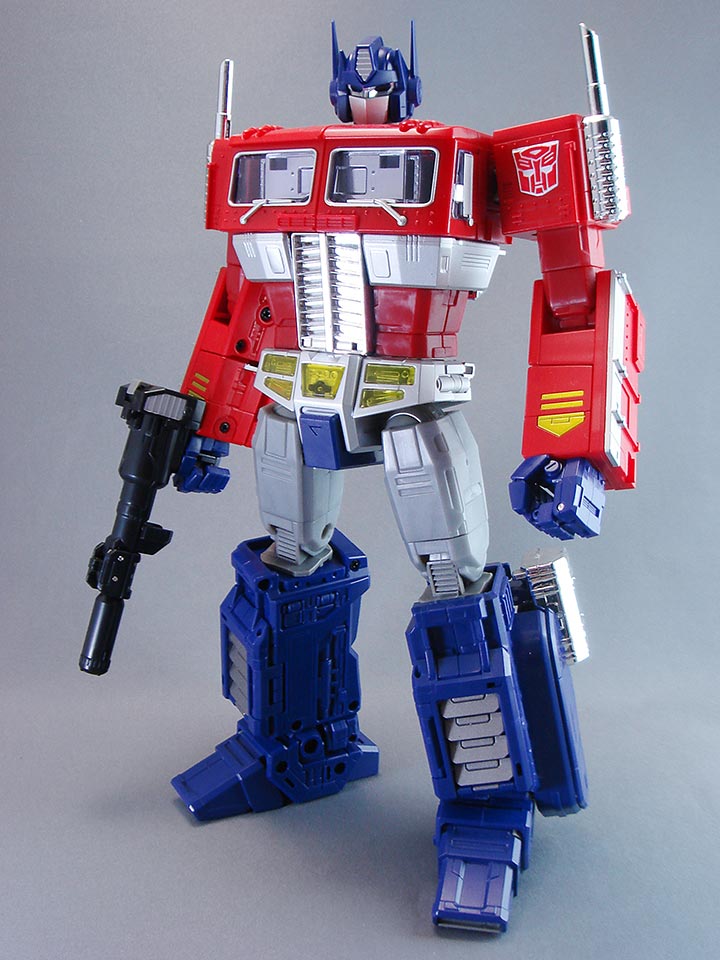 未開封品 トランスフォーマー マスターピース MP10 コンボイVer.2.0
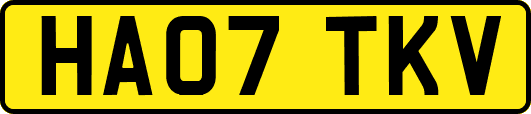 HA07TKV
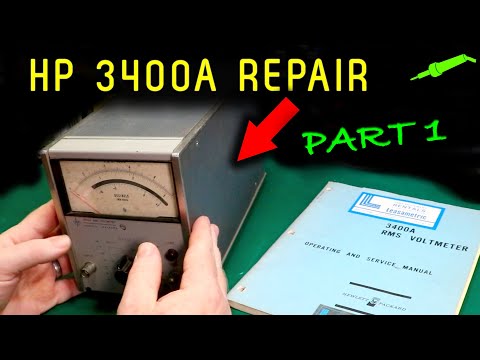 HP 3400A Repairs
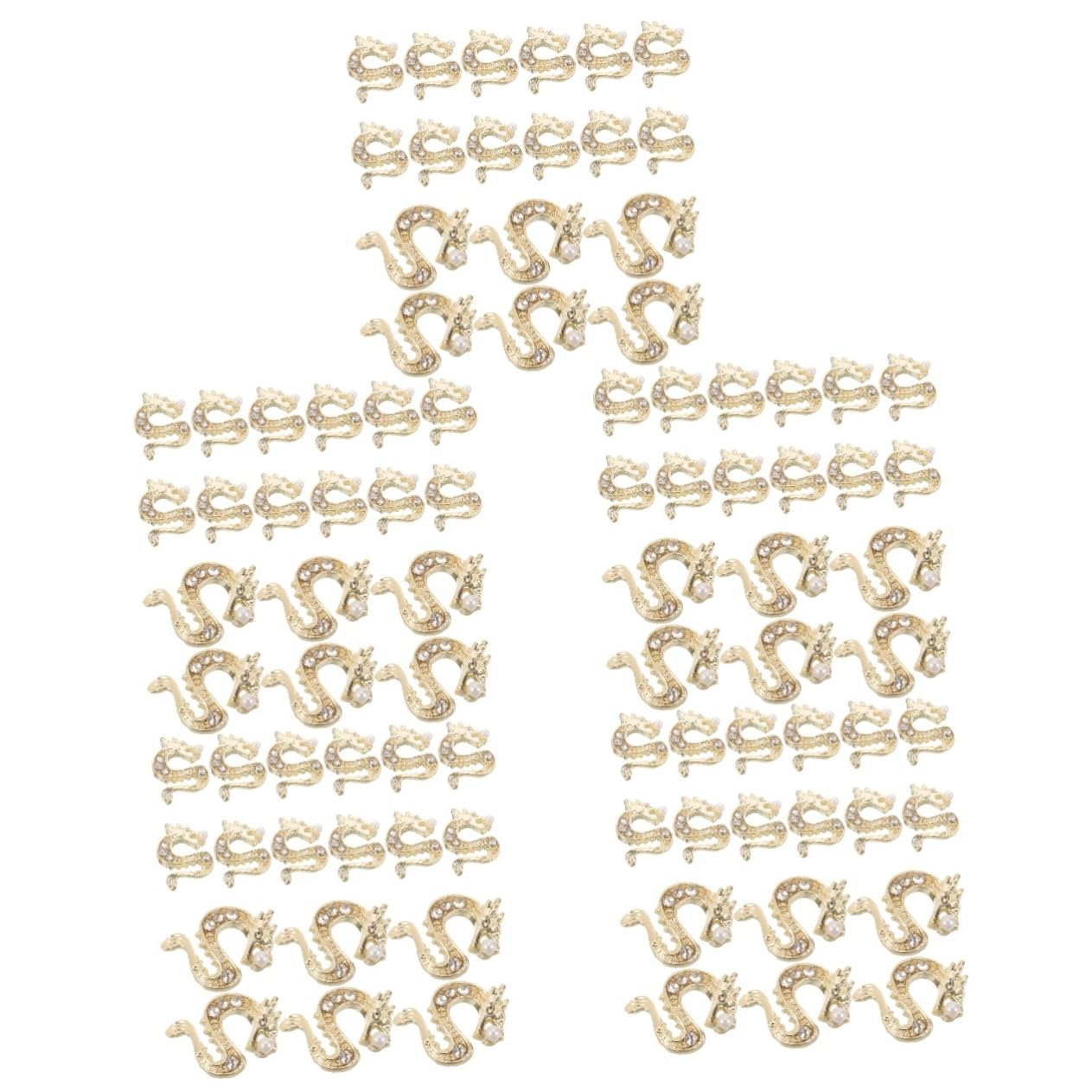 Breloques dragon pour femme lot de 50 pendentifs mode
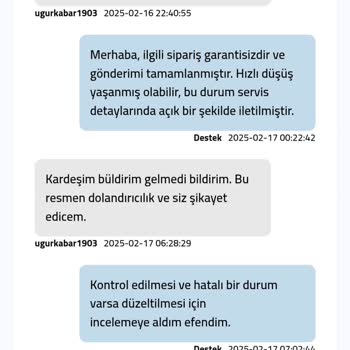 Abonelik Hizmeti Hayal Kırıklığı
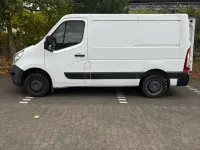 Gebraucht Renault Master 110 PS (80 kW) 2019 Weiß Van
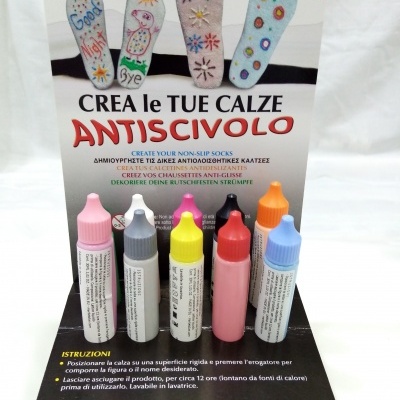 Bisnaga de Goma Antiderrapante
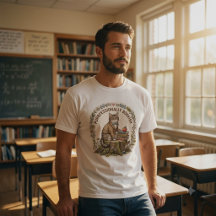 Camiseta de Profesor de Gato |  Cottagecore Vintag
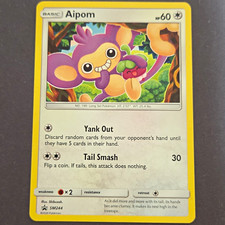 The Pokémon Company Aipom SM244 SM Promo ENG 2020 60HP Regular on eBay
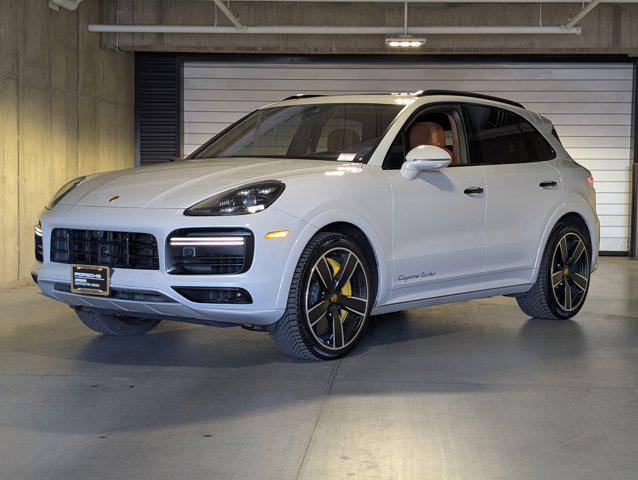 used 2022 Porsche Cayenne car, priced at $84,201
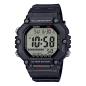 Casio - Montre Homme  Timeless digitale noire - ref AE-1600H-1AVEF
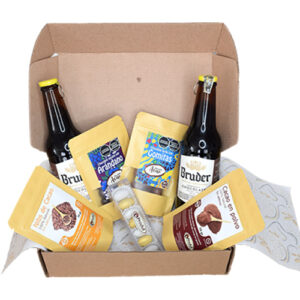 Caja regalo de chocolates para dos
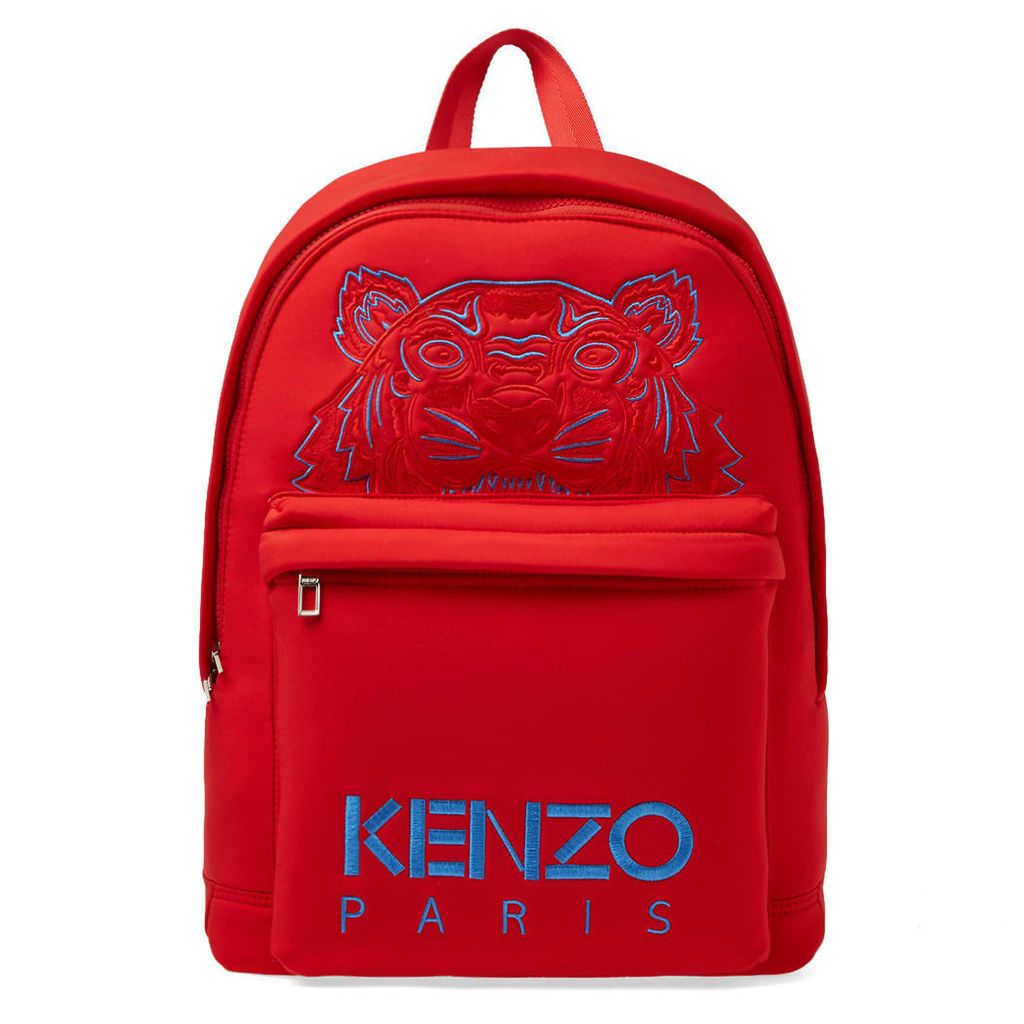 Kenzo Neoprene Tiger Backpack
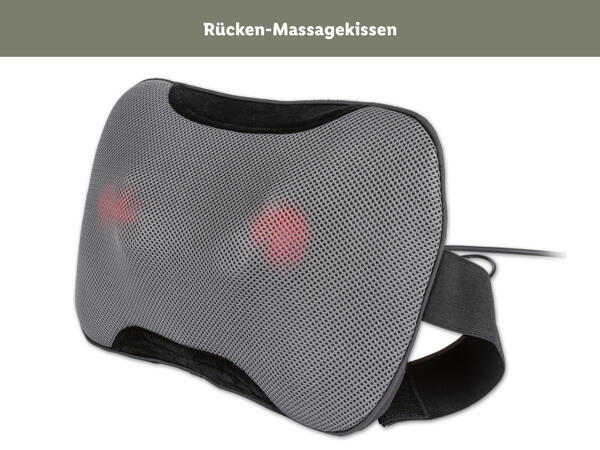 Shiatsu-Massagekissen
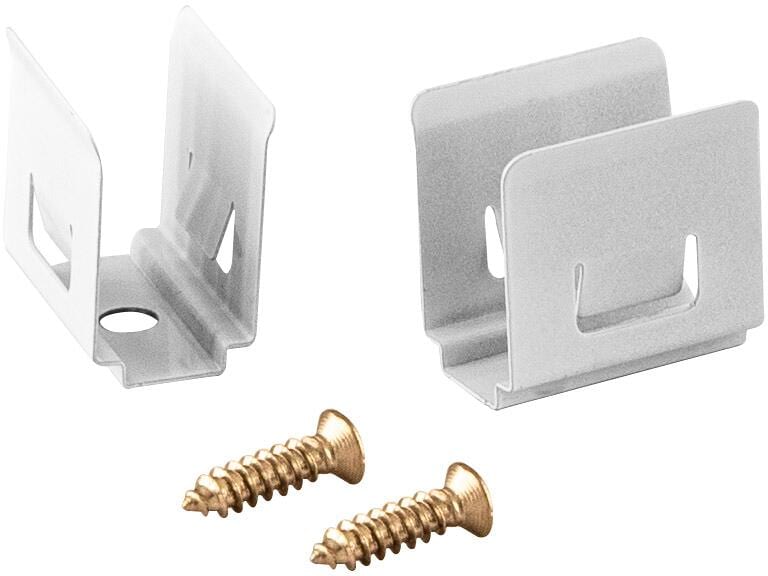 EVN NEONFLEX Befestigungsclip, 2er-Set (2x Clip inkl. Schrauben) für LED Neon-Flex Sideview RGBW (SVB67MBS)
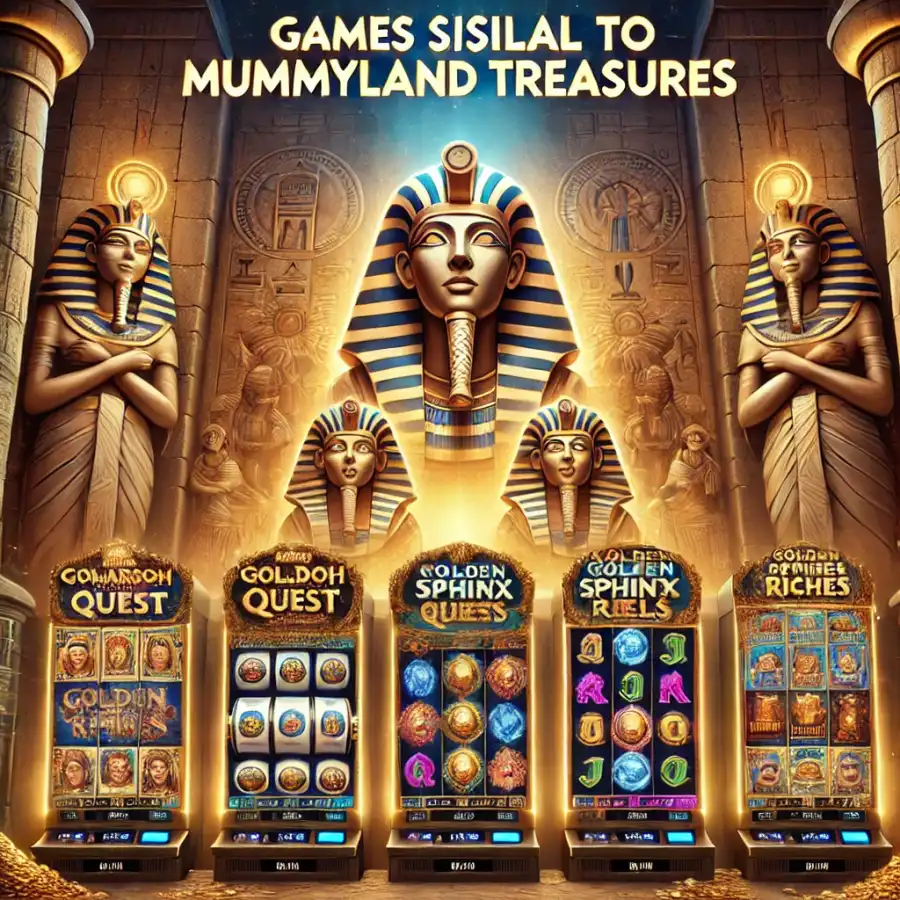 Похожие на Mummyland Treasures игры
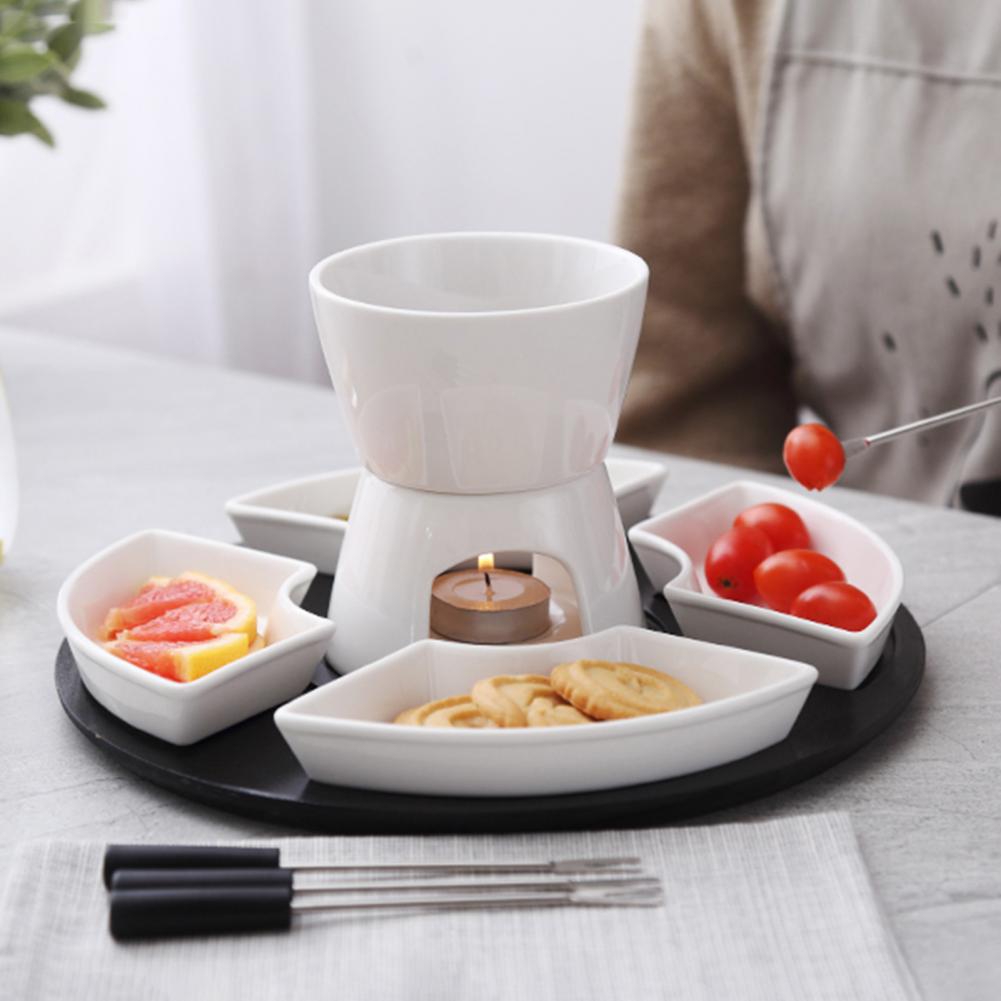 Pot à fondue en céramique, ens - Fondue Pot Ceramic avis et prix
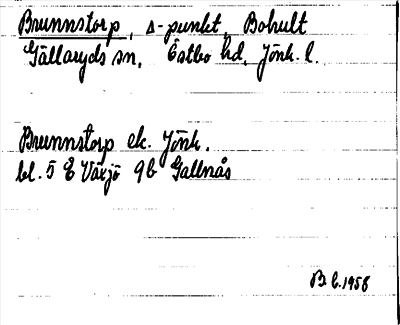 Bild på arkivkortet för arkivposten Brunnstorp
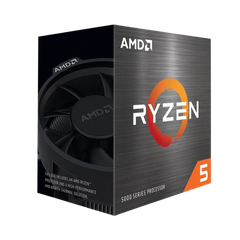 CPU AMD Ryzen 5-5600X (100000065BOX) + Quạt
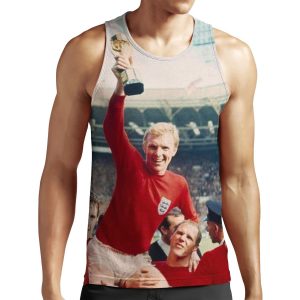 Bobby Moore 1966 All-over-print Unisex Tank Top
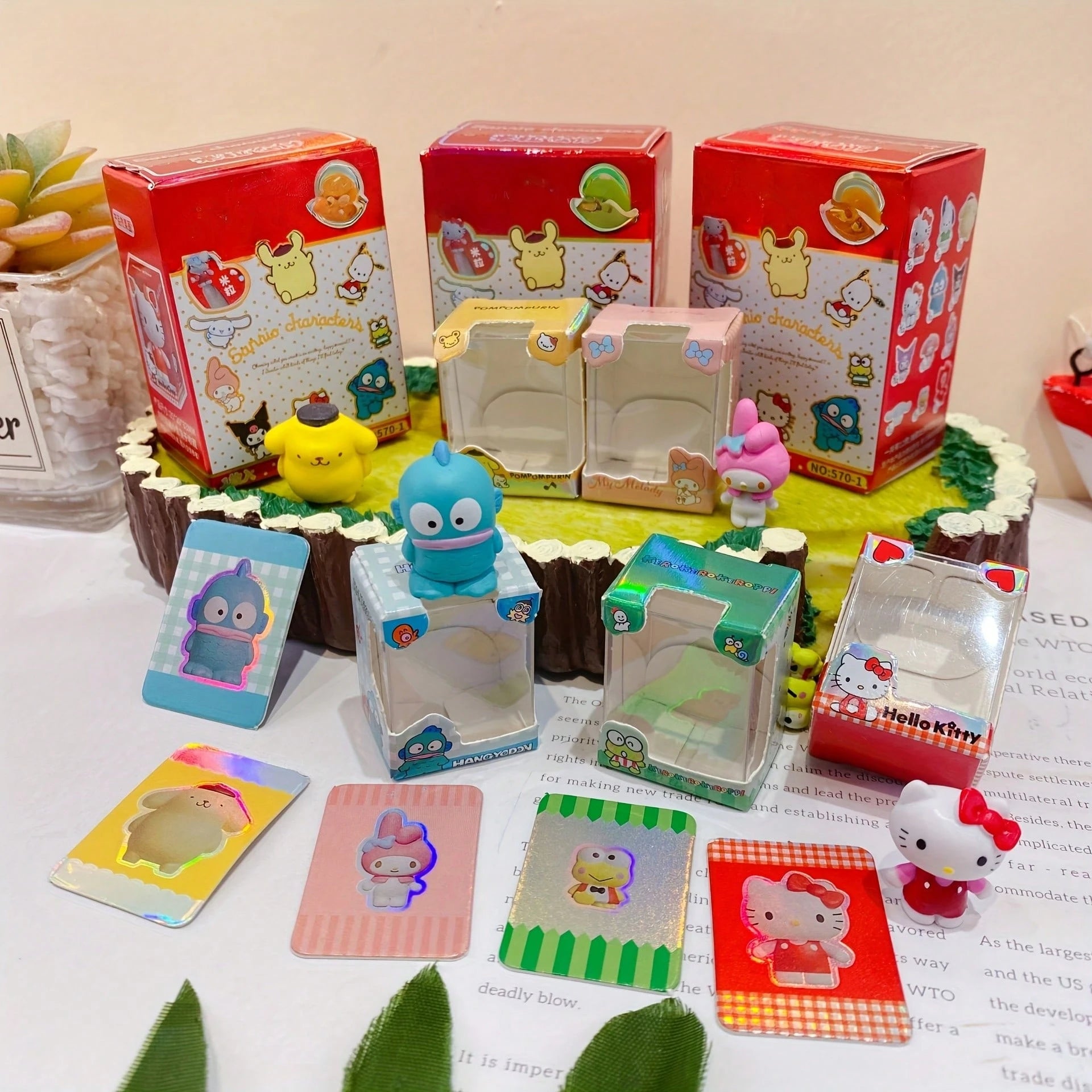 Sanrio Surprise Figures (includes Rare Edition)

What this task involves:
The lines to reproduce run from the one above containing "Gebraucht Renault Master" through the one containing "Casio - Montre". Copy them exactly and leave out all pictures.

Response area:
 Gebraucht Renault Master 110 PS (80 kW) 2019 Weiß Van
 Bisnaga de Goma Antiderrapante
 Camiseta de Profesor de Gato |  Cottagecore Vintag
 The Pokémon Company Aipom SM244 SM Promo ENG 2020 60HP Regular on eBay
 used 2022 Porsche Cayenne car, priced at $84,201
 Casio - Montre Homme  Timeless digitale noire - ref AE-1600H-1AVEF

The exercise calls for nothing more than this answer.